MLflow is a powerful platform for managing the machine learning lifecycle, including tracking experiments, managing model versions, and deploying models to production. In Ilum, MLflow is seamlessly integrated to provide advanced functionalities for data scientists and engineers. This documentation details the features, integration steps, and usage of MLflow within the Ilum ecosystem.
Features of MLflow
Experiment Tracking
- Log parameters, metrics, and artifacts for every machine learning experiment.
- Visualize and compare experiment results in a centralized UI.
- Automatically store experiment metadata in Ilum's integrated storage solutions.
Model Registry
- Manage models with version control.
- Transition models through lifecycle stages: development, staging, and production.
- Integrate directly with Ilum deployment pipelines.
Setting Up MLflow in Ilum
Helm Deployment
To enable MLflow in Ilum, use the following Helm command:
helm upgrade \ --set mlflow.enabled=true \ --reuse-values ilum ilum/ilum
This command will:
- Deploy the MLflow and MLflow tracking server.
- Integrate MLflow with Ilum's storage and tracking services.
- Enable MLflow Tracking UI and Model Registry.
Using MLflow in Ilum
Configuration Setup
Global Configuration
To enable MLflow across the current Ilum instance:
- Update the Spark image in the cluster settings to
ilum/spark:3.5.3-mlflow
or a newer version.
Python/Scala Jobs
Add the following parameter in the service configuration:
spark.kubernetes.container.image: ilum/spark:3.5.3-mlflow
Jupyter Notebook
Add the following parameter in the properties JSON under the conf
array:
"spark.kubernetes.container.image": "ilum/spark:3.5.3-mlflow"
Regardless of the environment, set the Tracking URL to: http://ilum-mlflow-tracking:5000.
Tracking Experiments
MLflow tracking is preconfigured in Ilum.

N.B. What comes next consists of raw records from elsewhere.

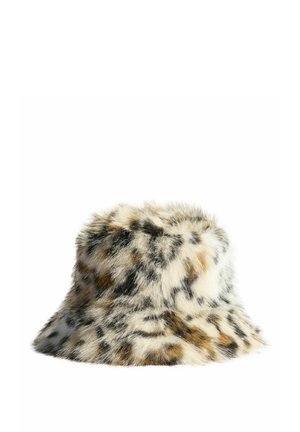 Faux fur bucket hat with a spotted pattern in beige, brown, and black. Soft texture and wide brim for coverage, tapering to a rounded crown.
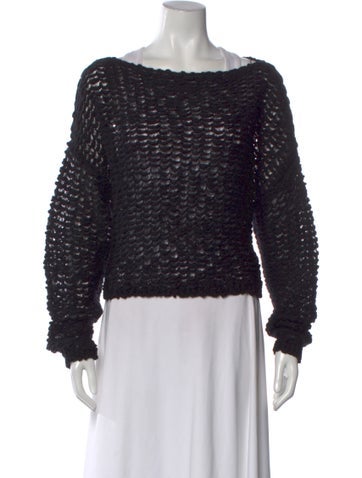 Pre-owned Sarah Pacini Wool Bateau Neckline Sweater In Black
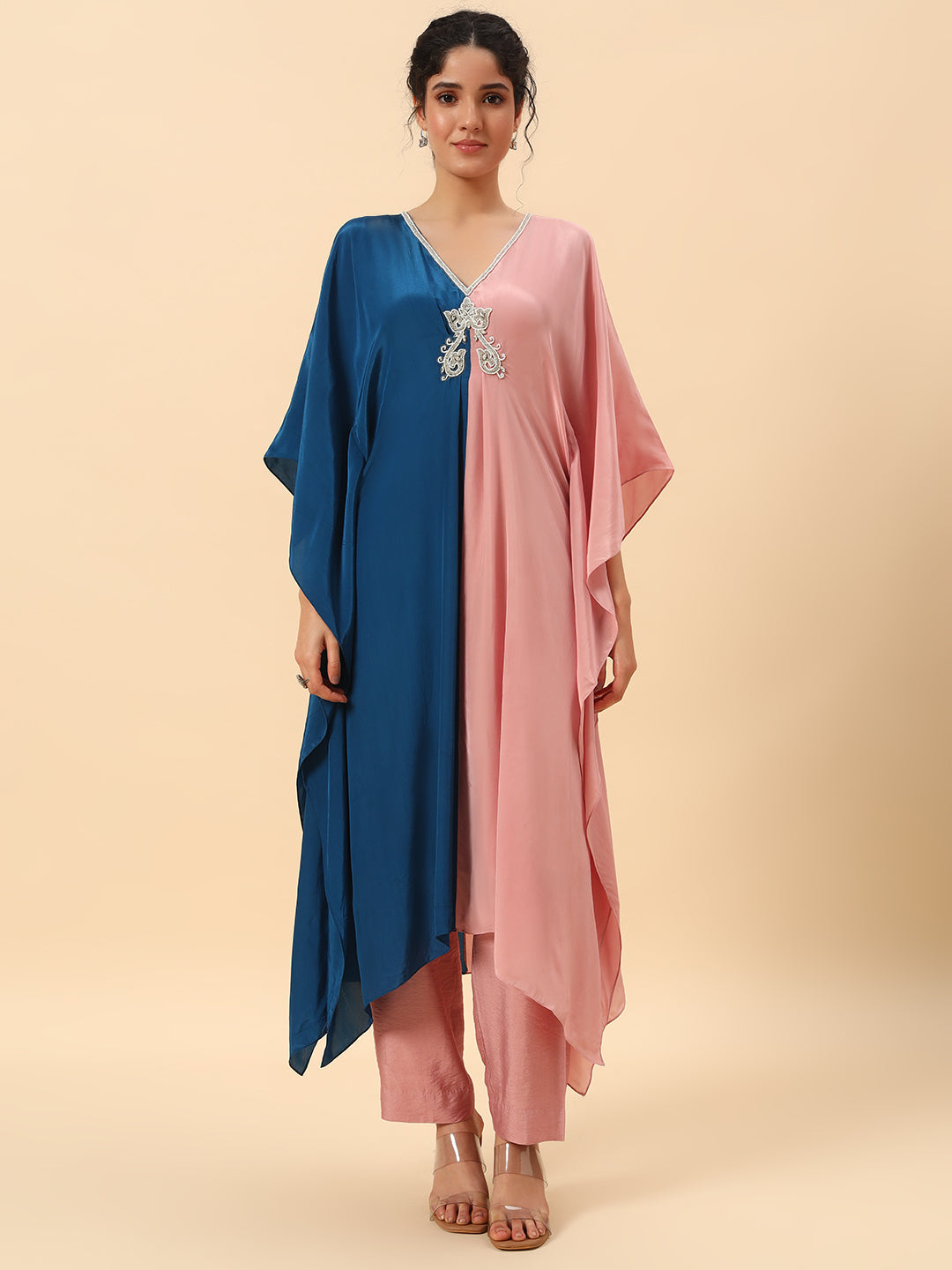 Sapphire & Rose Colour-Block Kaftan Set — view 1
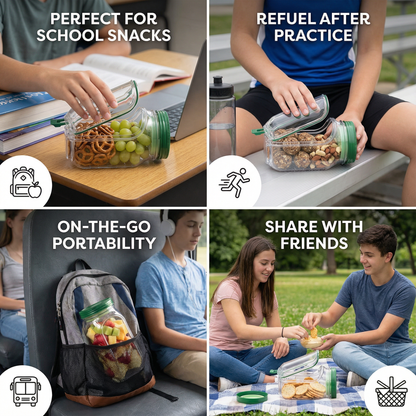 To-Go Snack Box with Side Flap – Leakproof & Portable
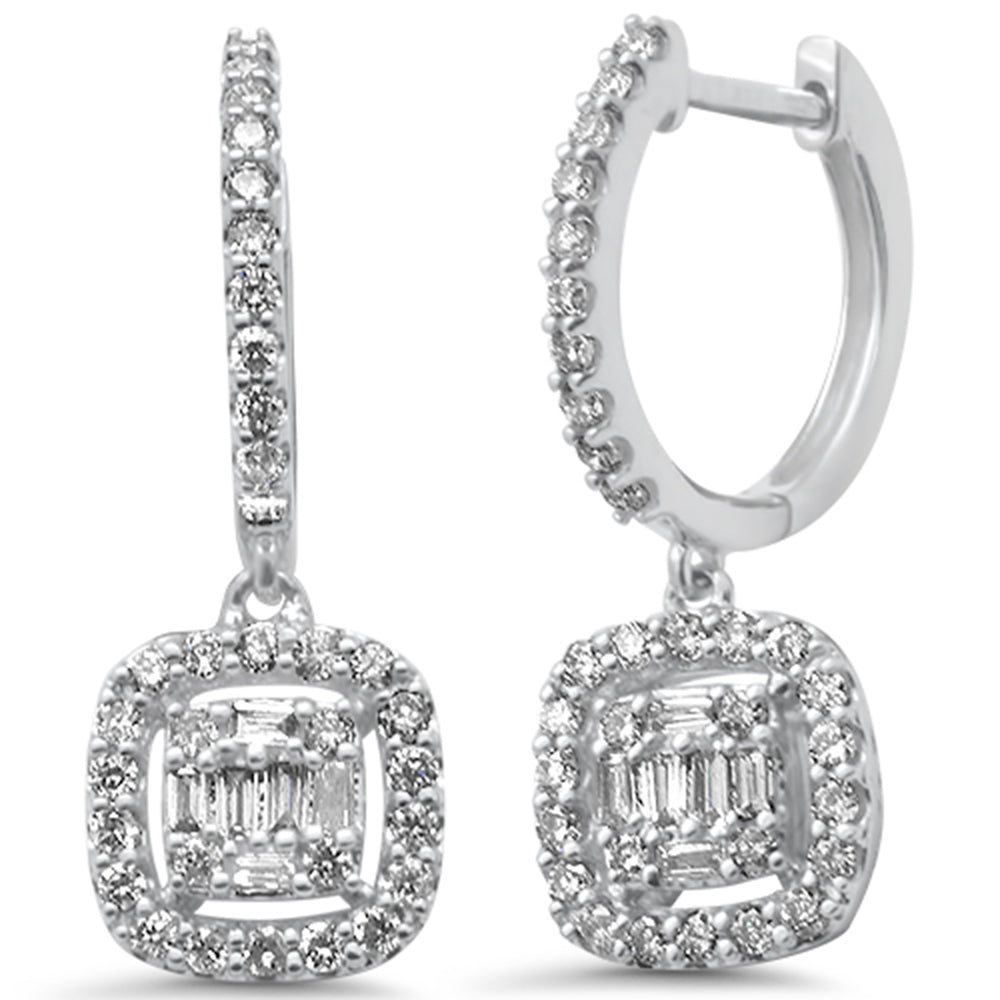 49ct G SI 14K White Gold Diamond Cushion Shaped Drop Dangle Hoop Earrings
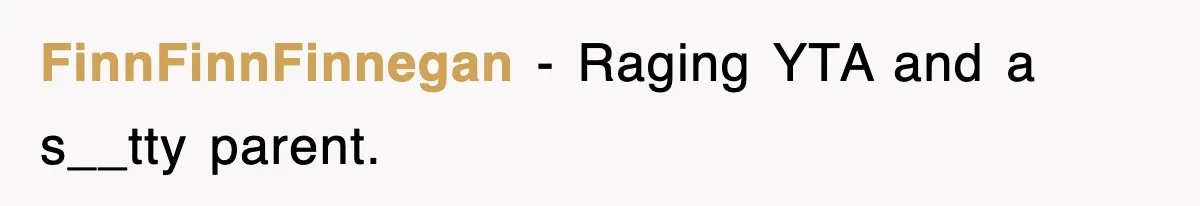 FinnFinnFinnegan - Raging YTA and a s__tty parent.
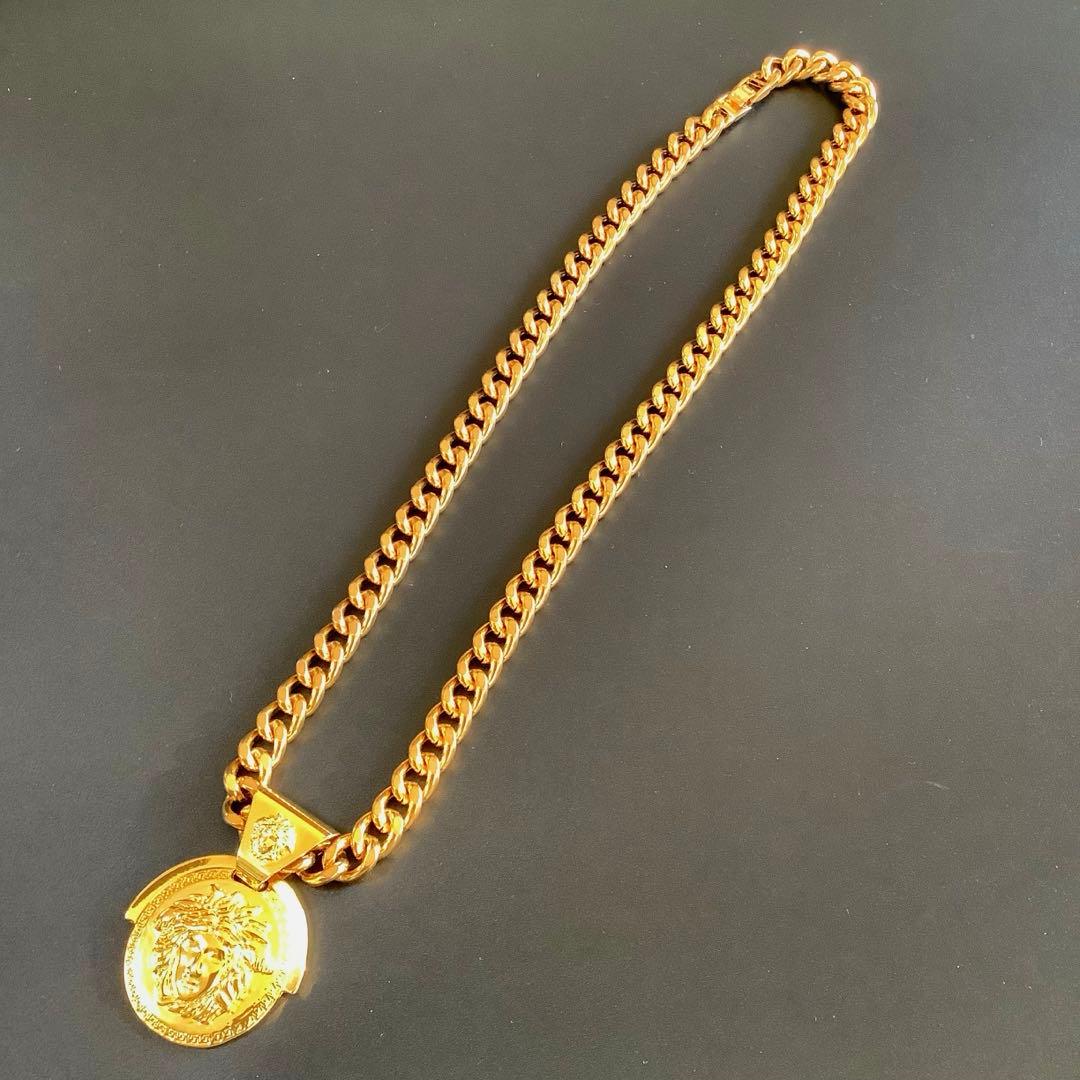 ヴェルサーチ VERSACE メドゥーサ メダル コンビ 喜平 ネックレス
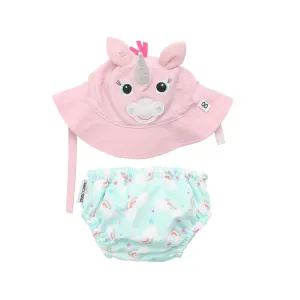 Alli the Alicorn Swim Diaper & Sun Hat Set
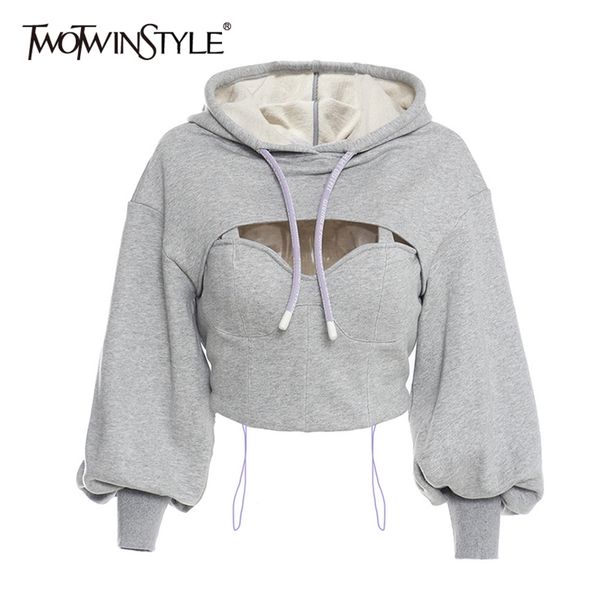 twotwinstyle hollow out gray sweatshirt for women hooded collar long sleeve fake two casual short female fashion fall 210805, Black
twotwinstyle hollow out gray sweatshirt for women hooded collar long sleeve fake two casual short female fashion fall 210805, Black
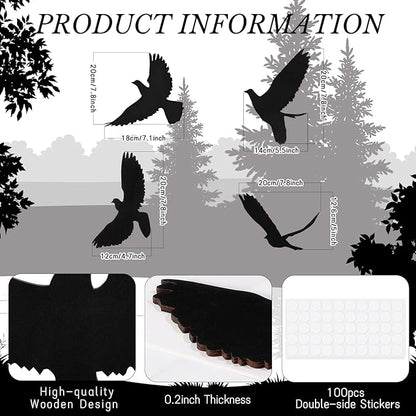 Blulu 4 Pieces Wooden Bird Wall Decor Flying Bird Sculptures Wall Art Decor Silhouette Art Wooden sign for Home Living Room Bedroom Kitchen Hanging Decoration, 4 Size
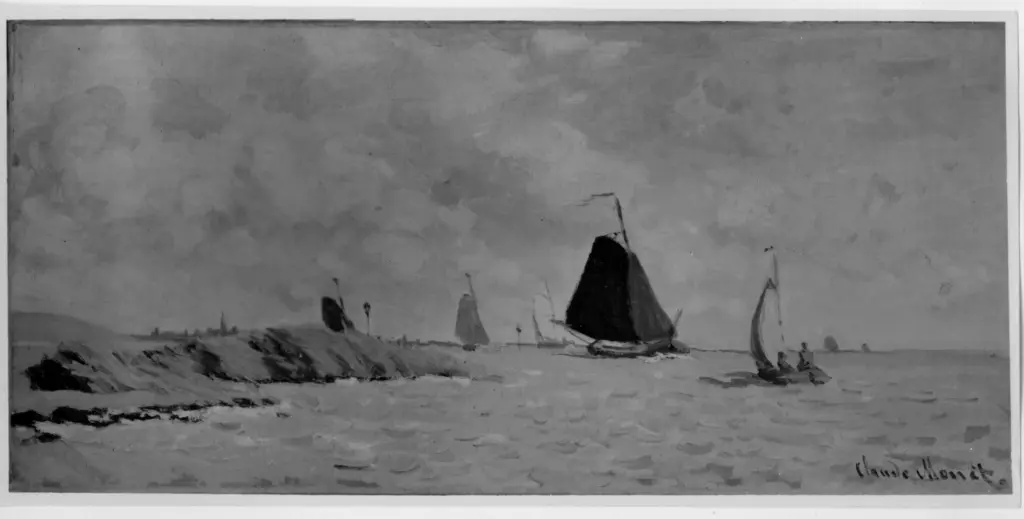 Anonimo , Monet, Claude - sec. XIX - Barche alla foce dell'Escaut , fronte
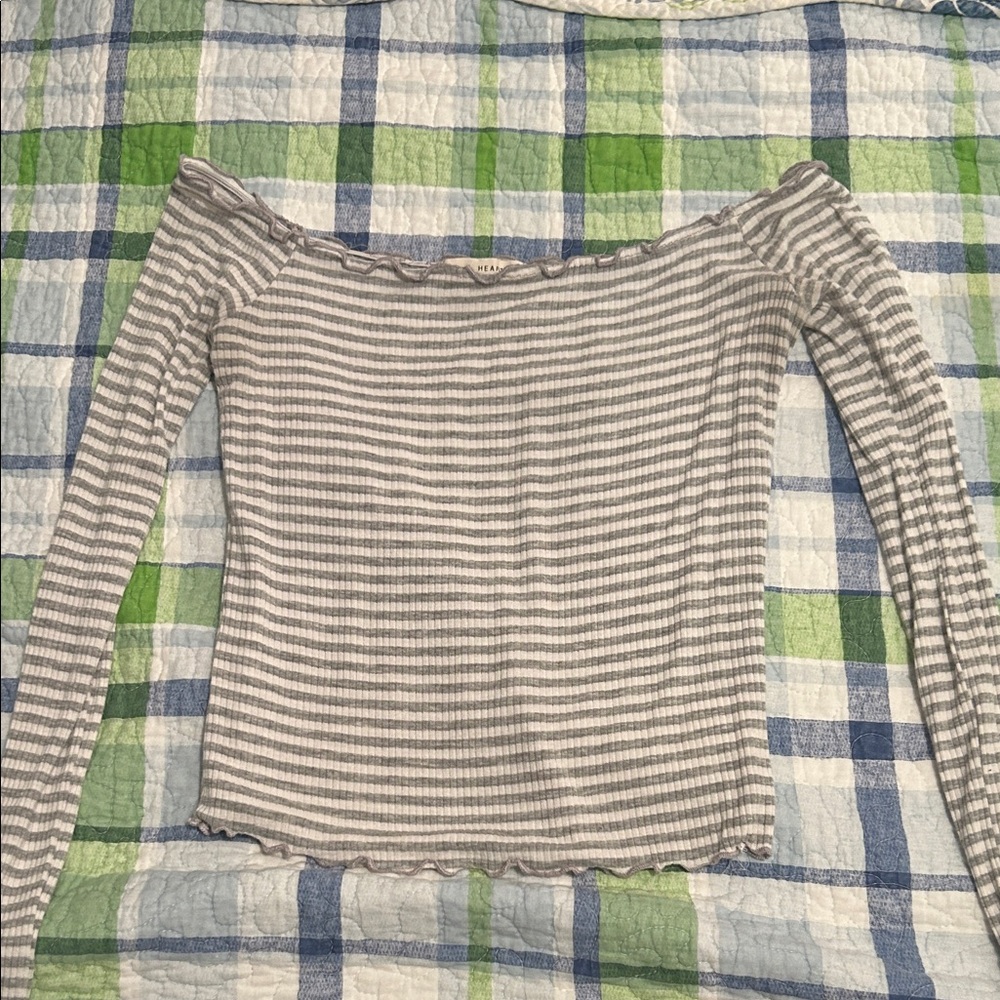 La Hearts Gray Striped Long Sleeve Top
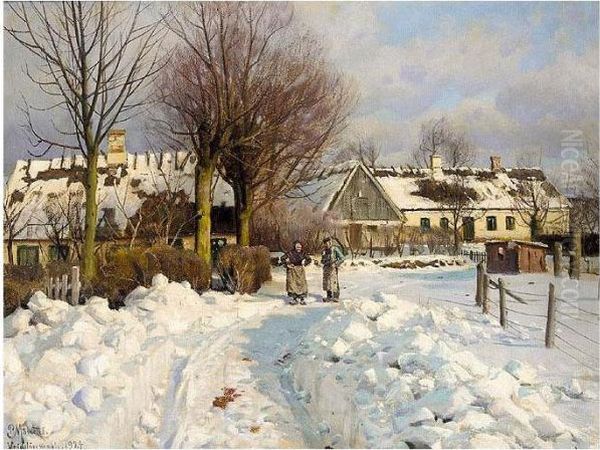 A Winter Landscape Oil Painting by Peder Mork Monsted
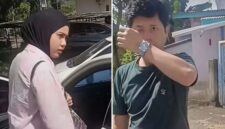 Tangkapan layar video diduga pasangan selingkuh saat hendak masuk ke dalam mobil di Sinjai. (Foto kolase)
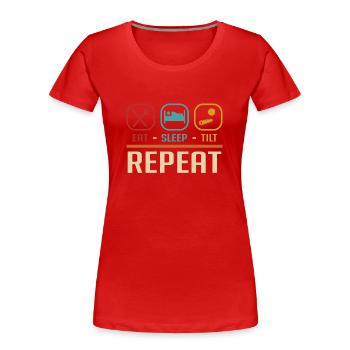 Flipper-Arcade-Spieler - Frauen Premium Bio T-Shirt - Rot - Vorne - Mia (176cm)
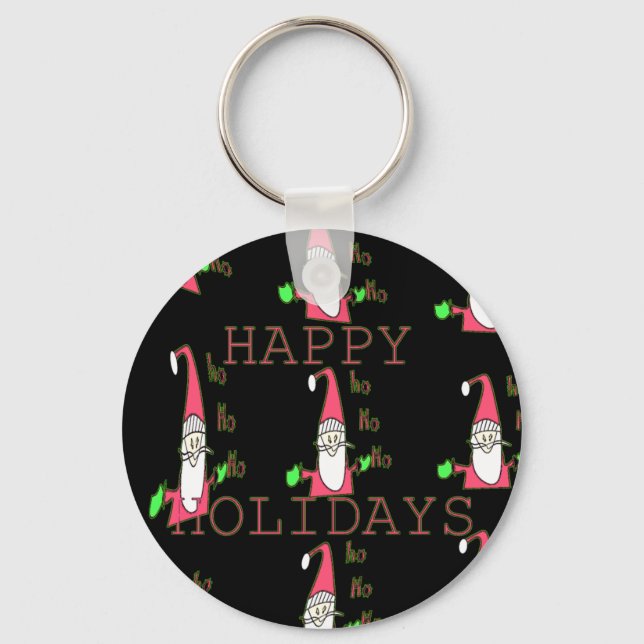 Jolly Mouse Santa: A Fun Holiday Illustration. Key Ring (Front)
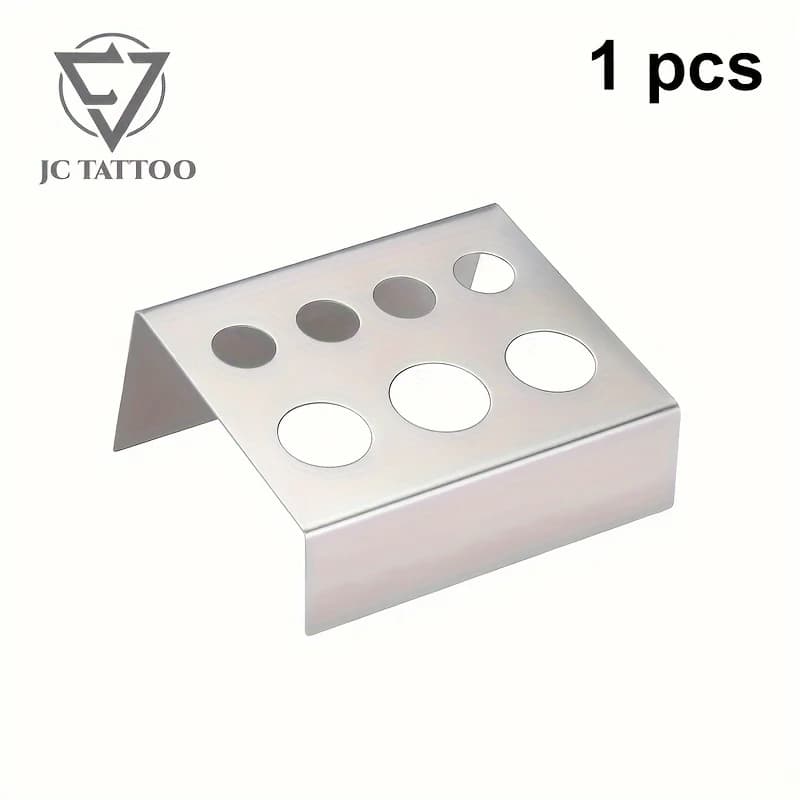 1pc 7 fori supporto per contenitore in argento accessori per pigmenti per tatuaggi forniture in acciaio inossidabile portabicchieri in vetro per uso trucco permanente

By providing the correct Tracking URL, all runs and experiments are automatically tracked.
- Log metrics and parameters in your machine learning scripts:
import mlflow
import mlflow.sklearn
with mlflow.start_run():
mlflow.log_param("param1", 5)
mlflow.log_metric("accuracy", 0.85)
mlflow.sklearn.log_model(model, "model")
Managing Models
-
Register a model in the MLflow Model Registry:
from mlflow.tracking import MlflowClient
client = MlflowClient()
run_uri = "runs:/<RUN_ID>/model"
model_name = "dev.MLTeam.model-name"
client.create_registered_model(model_name)
mv_src = client.create_model_version(model_name, run_uri, "experiment") -
Assign aliases to model versions:
client.set_registered_model_alias(model_name, "champion", "2")
Conclusion
MLflow's integration into Ilum provides a robust solution for managing machine learning workflows. From experiment tracking to model deployment, Ilum enhances MLflow's capabilities with seamless integration into its infrastructure. Use the steps and configurations outlined here to get started with MLflow in Ilum.